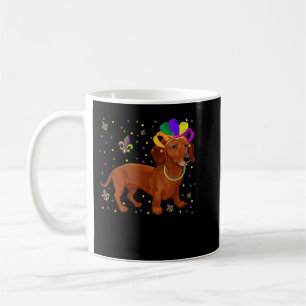 Jester Beads Mask Dachshund Dog Lover Owner Mardi Coffee Mug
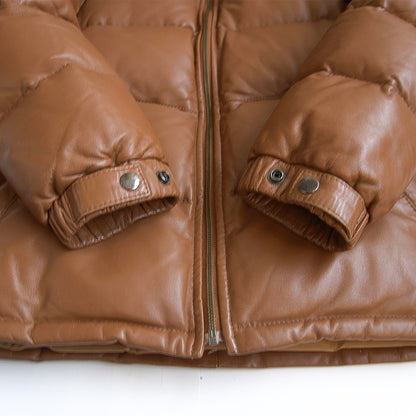 WIND ARMOR Leather Down Jacket Brown Size L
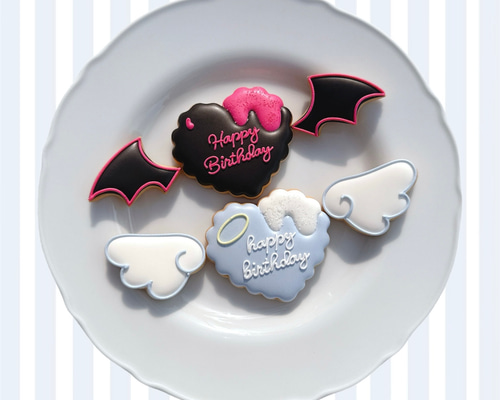 色が選べる♡アイシングクッキー♡天使と悪魔のプレートセット【天使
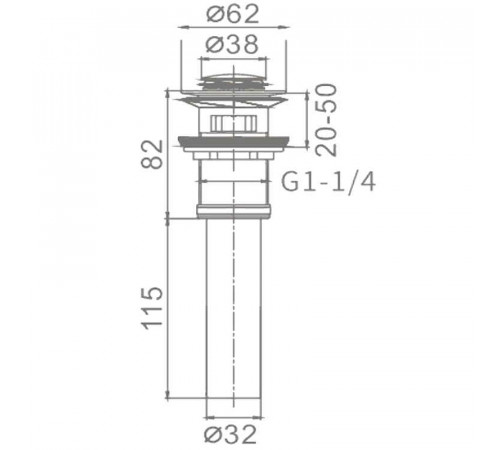 Донный клапан Frap F66-2 click-clack Хром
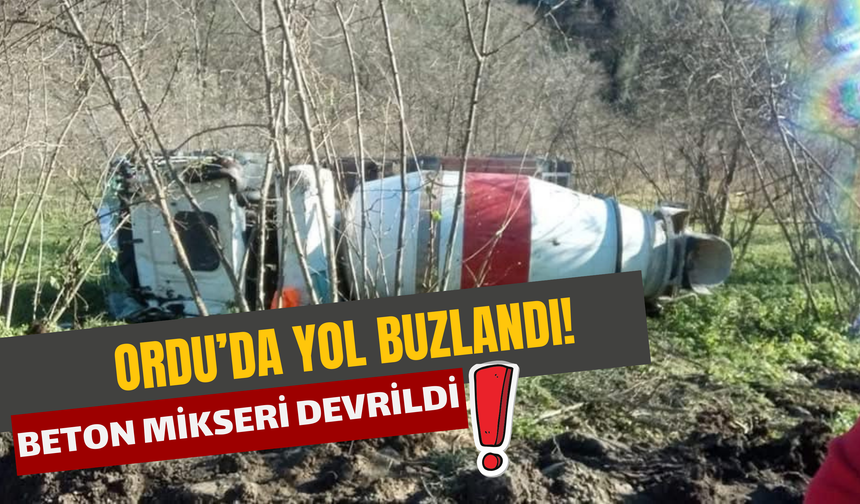 Ordu'da Yol Buzlandı! Beton Mikseri Devrildi!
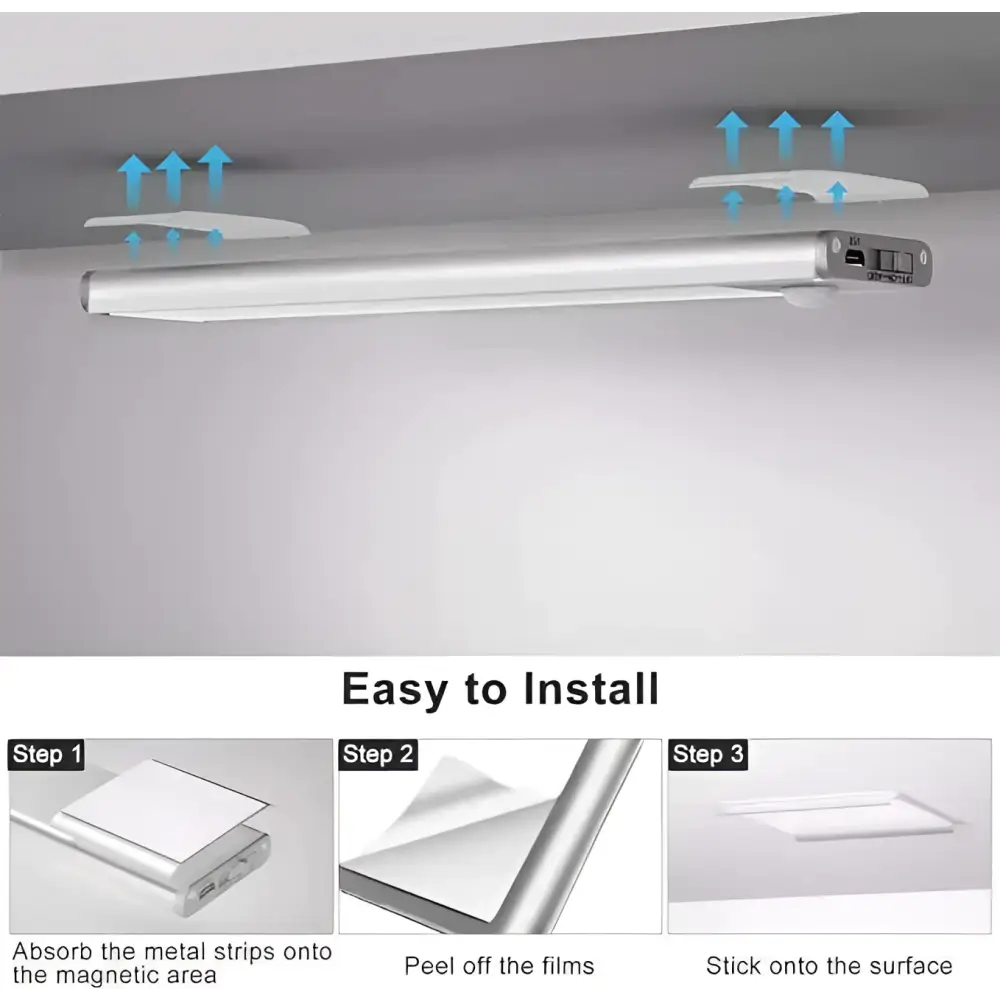 Silver slim motion sensor led cabinet lighting strip with magnetic base usb charging port and adhesive backing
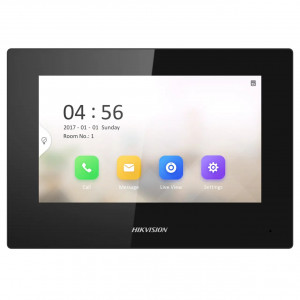 Videointerfon de interior IP Hikvision DS-KH6320-LE1(Black), ecran TFT color 7 inch, rezolutie 1024x600, Wi-Fi, alimentare PoE sau 12V, 8 intrari alarma, montaj aparent, suprimare zgomot si ecou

## [Task description]
Skip the pictures and quote each line of the entries above, from the first through the line with "Ordu'da Yol Buzlandı!", exactly as it appears.

## [Result for this exercise]
 Jester Beads Mask Dachshund Dog Lover Owner Mardi Coffee Mug
 WIND ARMOR Leather Down Jacket Brown Size L
 色が選べる♡アイシングクッキー♡天使と悪魔のプレートセット【天使
 Донный клапан Frap F66-2 click-clack Хром
 Ordu'da Yol Buzlandı! Beton Mikseri Devrildi!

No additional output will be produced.